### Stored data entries

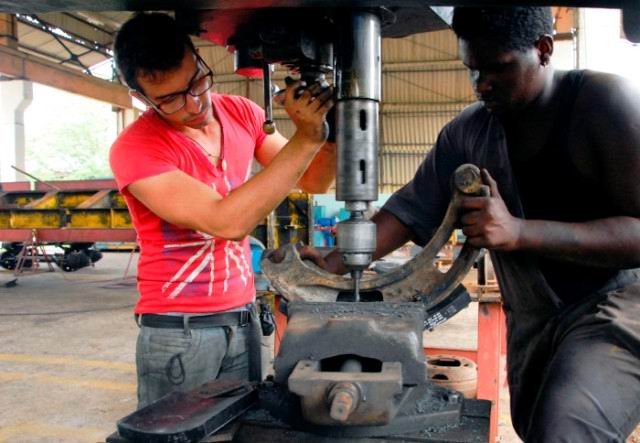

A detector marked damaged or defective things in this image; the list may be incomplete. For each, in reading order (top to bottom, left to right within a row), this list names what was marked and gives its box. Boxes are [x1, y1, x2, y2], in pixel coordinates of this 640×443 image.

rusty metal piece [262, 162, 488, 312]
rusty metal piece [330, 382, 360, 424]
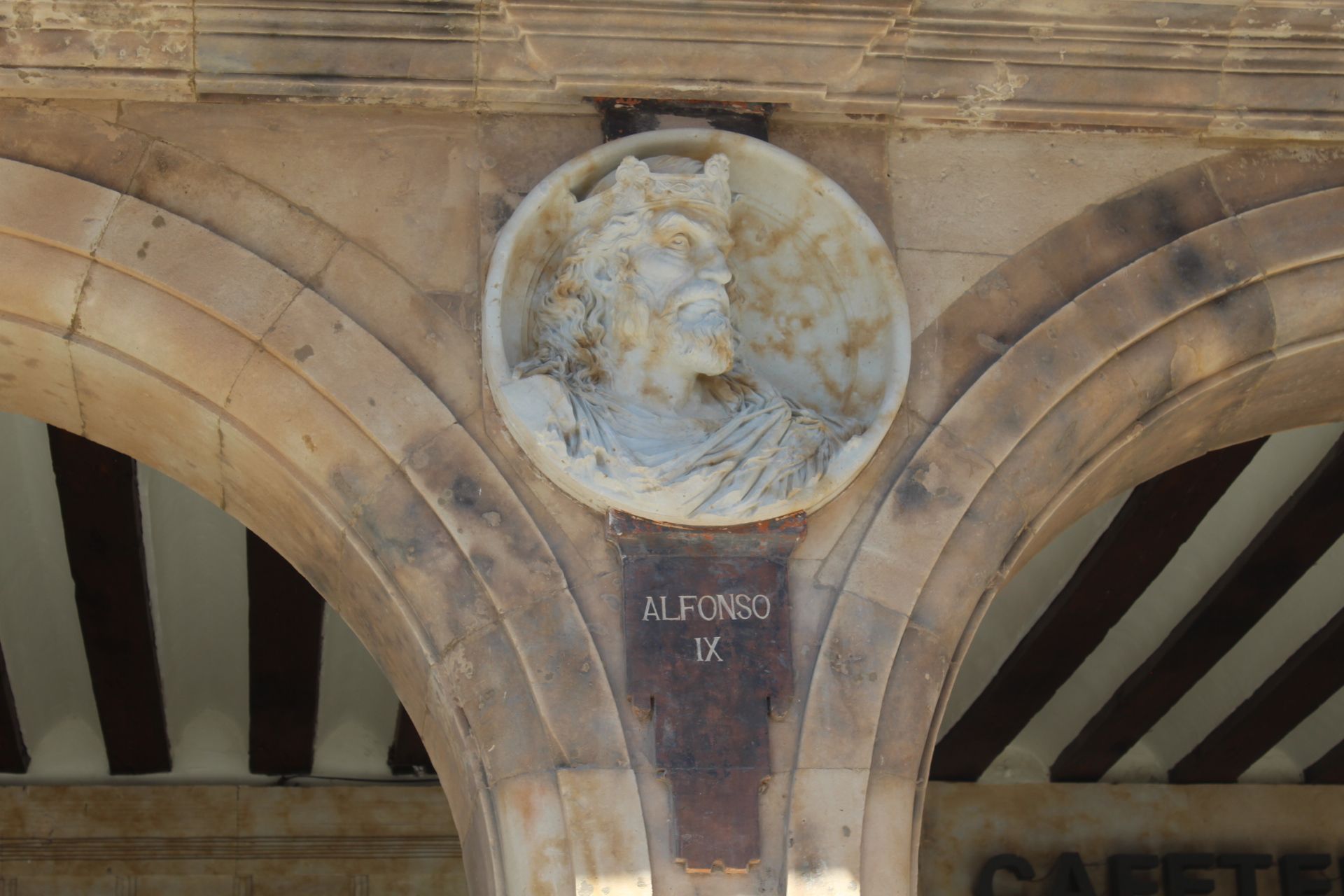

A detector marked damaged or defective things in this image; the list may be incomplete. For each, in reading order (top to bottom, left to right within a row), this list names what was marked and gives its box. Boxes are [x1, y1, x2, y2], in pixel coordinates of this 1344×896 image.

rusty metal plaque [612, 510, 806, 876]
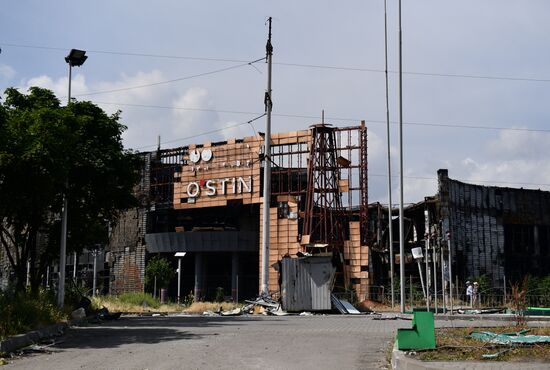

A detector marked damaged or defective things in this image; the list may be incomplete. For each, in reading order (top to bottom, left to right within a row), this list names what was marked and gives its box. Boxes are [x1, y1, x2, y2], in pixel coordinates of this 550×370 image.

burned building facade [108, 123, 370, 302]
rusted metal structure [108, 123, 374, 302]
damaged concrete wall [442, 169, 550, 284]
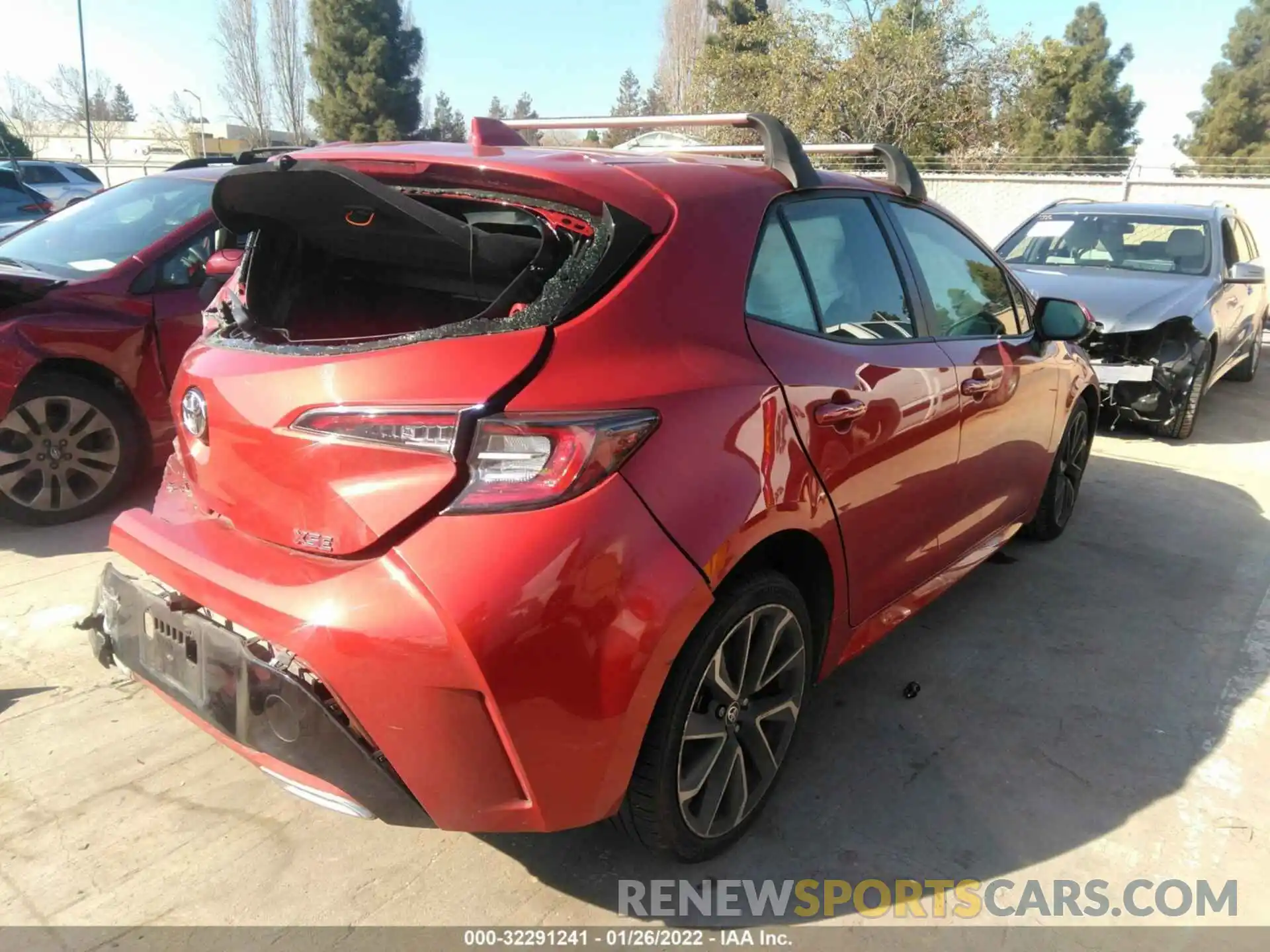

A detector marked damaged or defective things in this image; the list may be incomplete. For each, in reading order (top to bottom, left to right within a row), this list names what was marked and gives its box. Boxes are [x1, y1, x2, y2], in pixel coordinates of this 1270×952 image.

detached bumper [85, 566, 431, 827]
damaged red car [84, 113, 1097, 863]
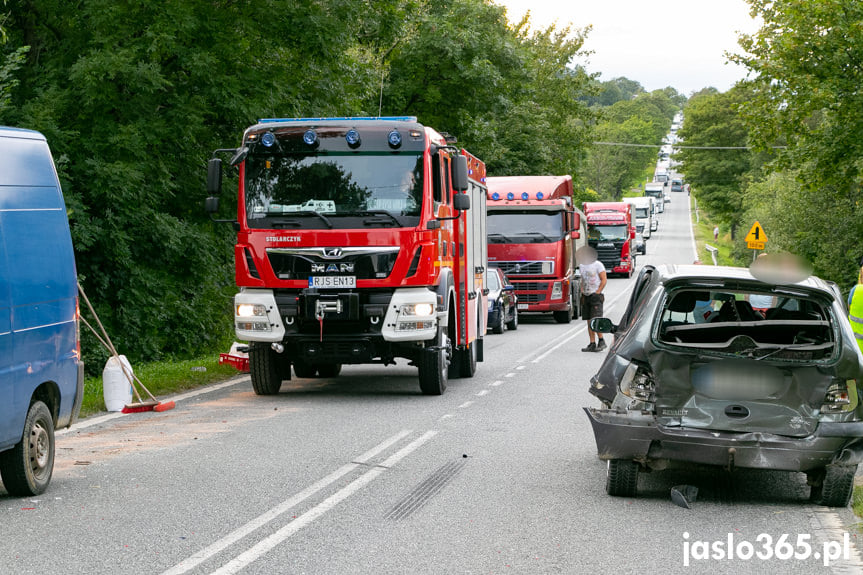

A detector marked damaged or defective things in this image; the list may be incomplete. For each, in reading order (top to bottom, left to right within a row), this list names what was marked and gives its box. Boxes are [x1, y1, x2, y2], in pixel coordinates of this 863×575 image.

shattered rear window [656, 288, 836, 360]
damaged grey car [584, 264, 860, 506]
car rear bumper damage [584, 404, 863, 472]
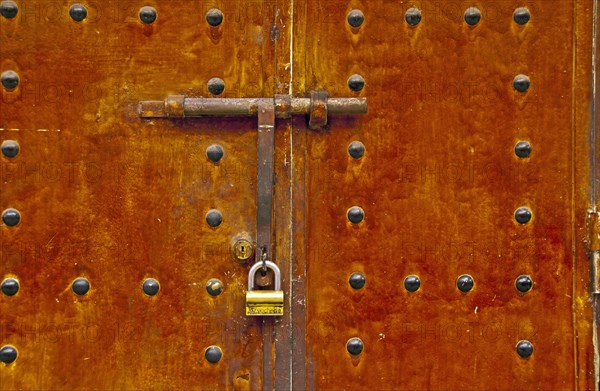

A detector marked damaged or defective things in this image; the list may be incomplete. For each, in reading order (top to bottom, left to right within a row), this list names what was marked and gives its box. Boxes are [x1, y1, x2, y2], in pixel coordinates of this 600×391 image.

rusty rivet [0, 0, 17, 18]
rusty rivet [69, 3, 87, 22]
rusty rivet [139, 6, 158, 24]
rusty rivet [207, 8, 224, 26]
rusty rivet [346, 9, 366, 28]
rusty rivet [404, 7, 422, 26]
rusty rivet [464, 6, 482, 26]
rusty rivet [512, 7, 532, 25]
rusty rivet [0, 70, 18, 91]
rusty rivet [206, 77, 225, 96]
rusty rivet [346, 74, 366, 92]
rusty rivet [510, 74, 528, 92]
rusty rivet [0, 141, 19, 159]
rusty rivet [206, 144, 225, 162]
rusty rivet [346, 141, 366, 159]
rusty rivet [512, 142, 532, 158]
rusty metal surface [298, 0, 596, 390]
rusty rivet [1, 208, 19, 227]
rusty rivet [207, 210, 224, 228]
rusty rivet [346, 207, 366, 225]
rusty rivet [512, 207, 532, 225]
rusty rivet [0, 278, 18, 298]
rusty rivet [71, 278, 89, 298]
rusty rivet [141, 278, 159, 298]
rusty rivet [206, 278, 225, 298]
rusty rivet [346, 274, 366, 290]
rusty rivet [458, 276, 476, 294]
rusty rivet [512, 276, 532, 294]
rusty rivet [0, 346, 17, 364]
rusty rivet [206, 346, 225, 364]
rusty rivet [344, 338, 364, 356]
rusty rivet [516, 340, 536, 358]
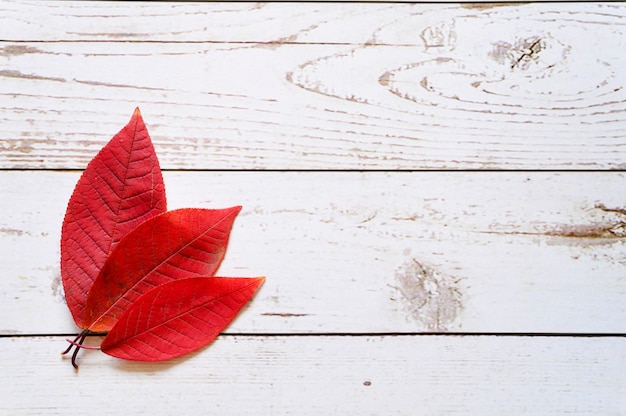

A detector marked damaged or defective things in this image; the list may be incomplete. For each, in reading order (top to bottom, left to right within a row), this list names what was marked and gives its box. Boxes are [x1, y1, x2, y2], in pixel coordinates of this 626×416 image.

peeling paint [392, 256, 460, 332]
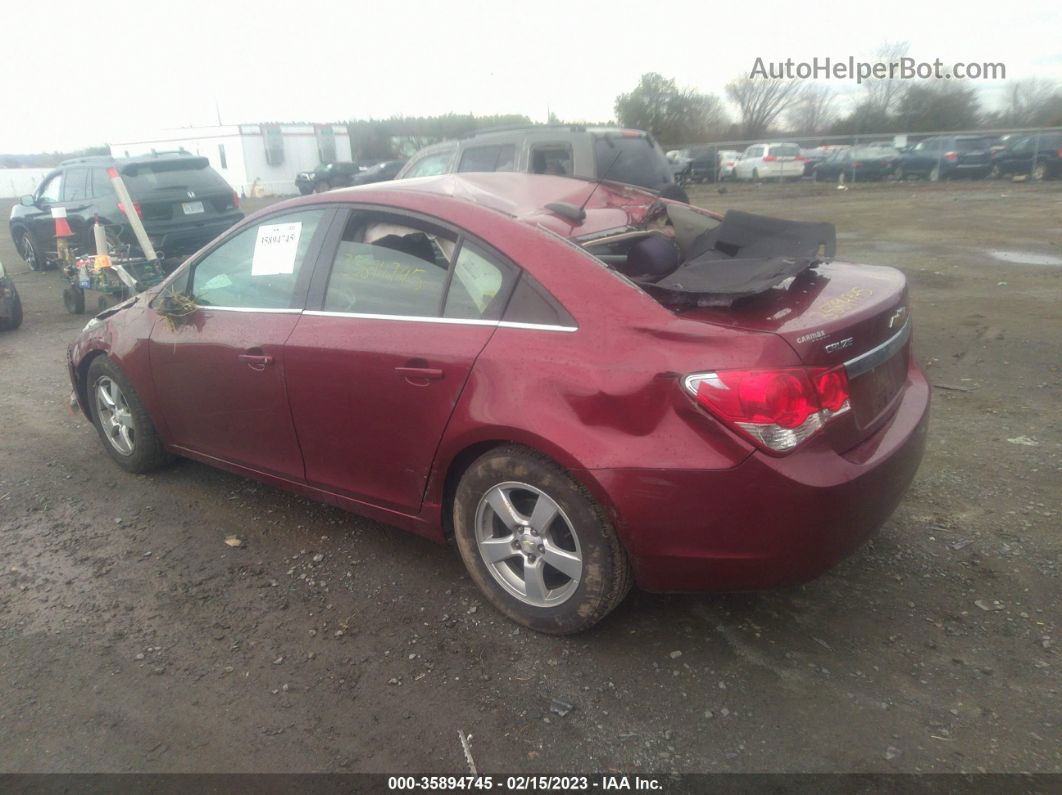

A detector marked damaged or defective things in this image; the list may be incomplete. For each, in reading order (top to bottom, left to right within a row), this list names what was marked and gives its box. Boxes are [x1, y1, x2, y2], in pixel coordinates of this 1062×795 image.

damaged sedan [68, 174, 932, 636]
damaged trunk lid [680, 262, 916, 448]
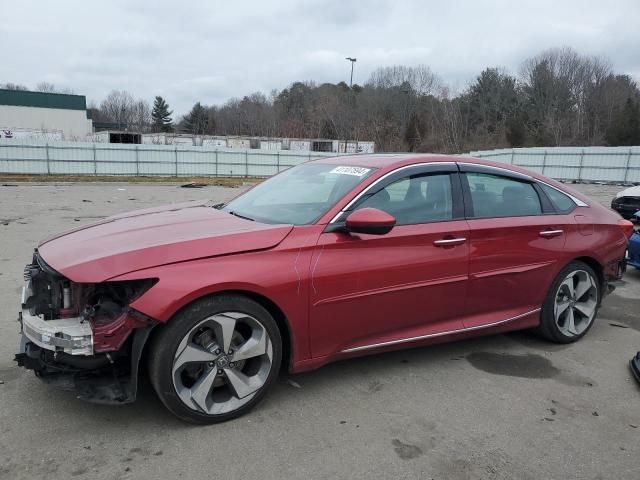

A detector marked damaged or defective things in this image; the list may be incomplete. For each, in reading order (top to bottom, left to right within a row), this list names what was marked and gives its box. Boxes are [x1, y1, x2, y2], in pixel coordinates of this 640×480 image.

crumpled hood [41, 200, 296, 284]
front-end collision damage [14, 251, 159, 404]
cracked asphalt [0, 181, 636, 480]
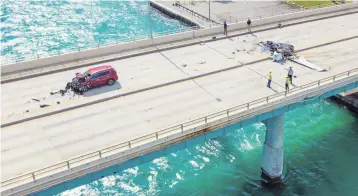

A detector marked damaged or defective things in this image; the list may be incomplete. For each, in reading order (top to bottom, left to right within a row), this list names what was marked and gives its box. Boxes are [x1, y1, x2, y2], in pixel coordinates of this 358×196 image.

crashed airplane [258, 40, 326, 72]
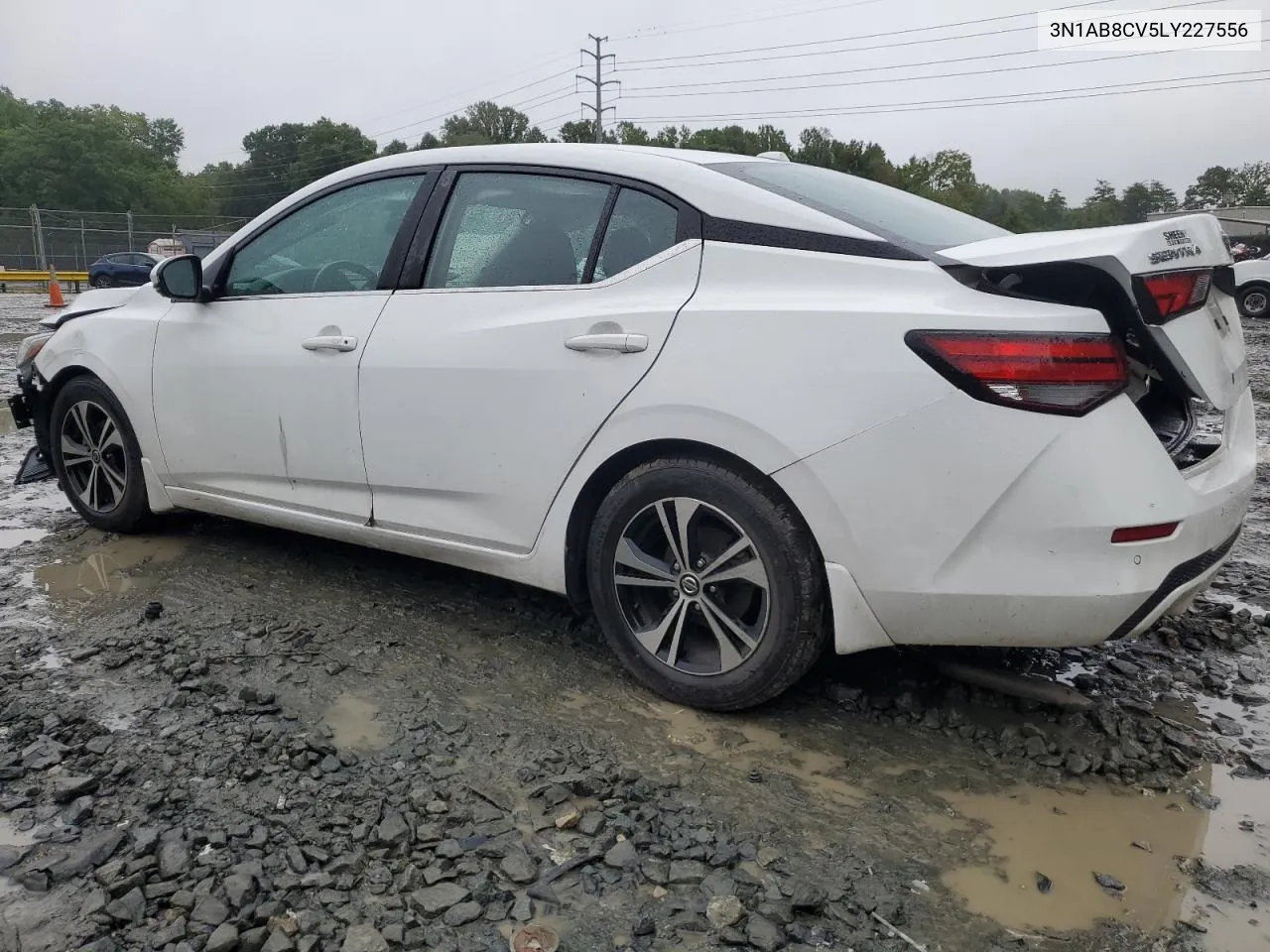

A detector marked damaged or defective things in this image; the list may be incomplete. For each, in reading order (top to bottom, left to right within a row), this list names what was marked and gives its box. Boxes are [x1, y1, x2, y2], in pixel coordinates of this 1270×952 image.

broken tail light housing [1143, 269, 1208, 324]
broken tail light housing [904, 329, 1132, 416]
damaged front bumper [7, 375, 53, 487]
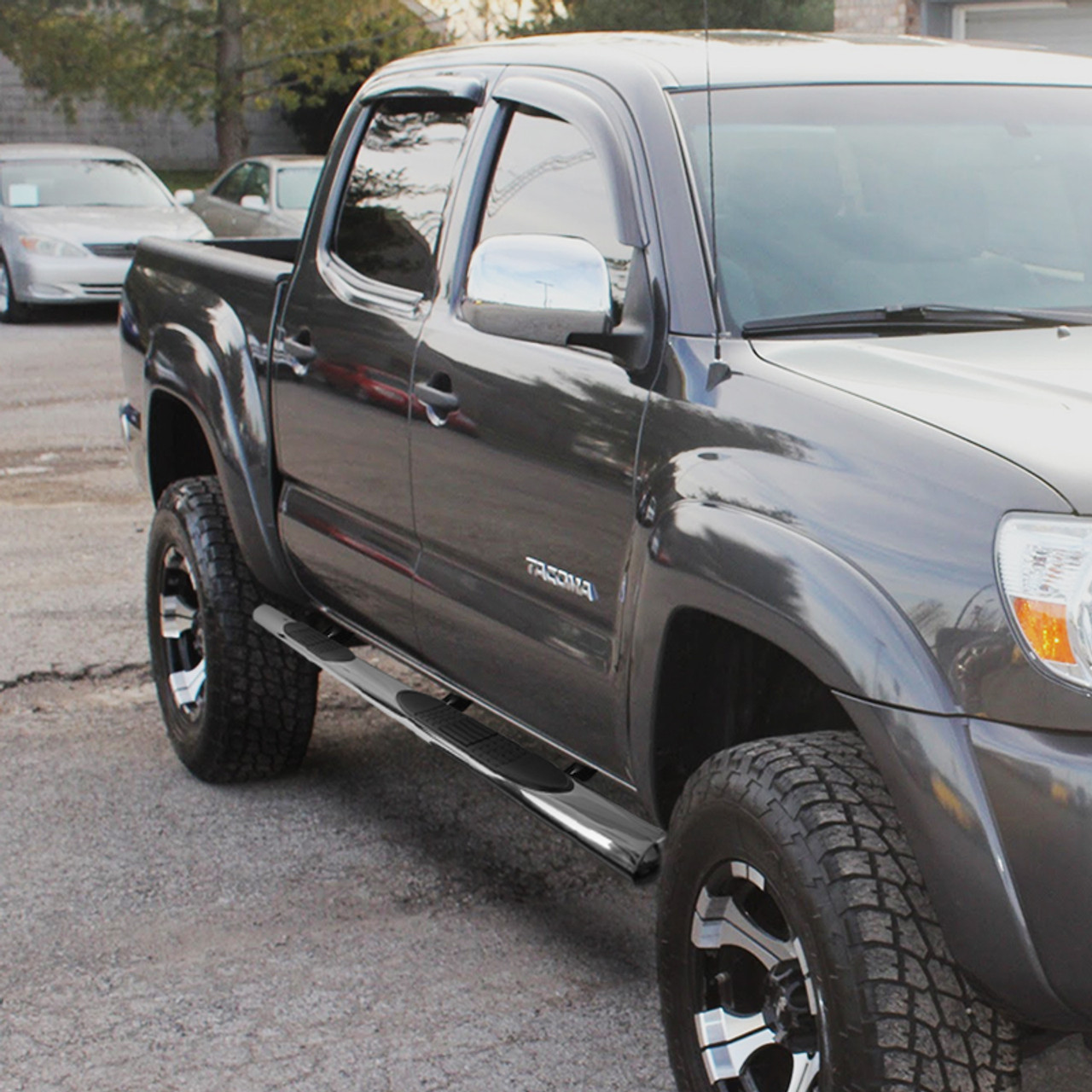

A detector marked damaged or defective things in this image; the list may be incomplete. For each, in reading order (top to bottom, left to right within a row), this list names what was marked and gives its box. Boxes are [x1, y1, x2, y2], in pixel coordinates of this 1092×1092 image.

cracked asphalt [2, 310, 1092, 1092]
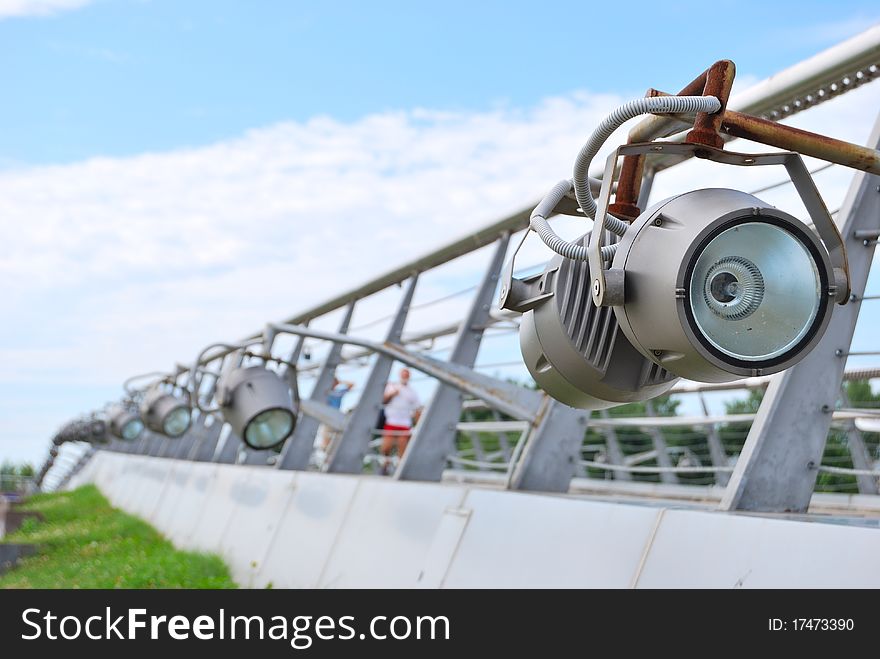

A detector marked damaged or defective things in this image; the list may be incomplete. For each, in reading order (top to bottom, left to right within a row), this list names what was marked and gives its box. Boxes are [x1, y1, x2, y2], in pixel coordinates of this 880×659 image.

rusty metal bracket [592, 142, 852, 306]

### Work instructions
Beginning at the line that holds "this 880×659 image.", write out word for word each line through the end of the records.

### Task result
A detector marked damaged or defective things in this image; the list may be incomplete. For each, in reading order (top to bottom, left to right within a row), this list names what was marked and gives its box. Boxes are [x1, y1, x2, y2], in pixel coordinates of this 880×659 image.

rusty metal bracket [592, 142, 852, 306]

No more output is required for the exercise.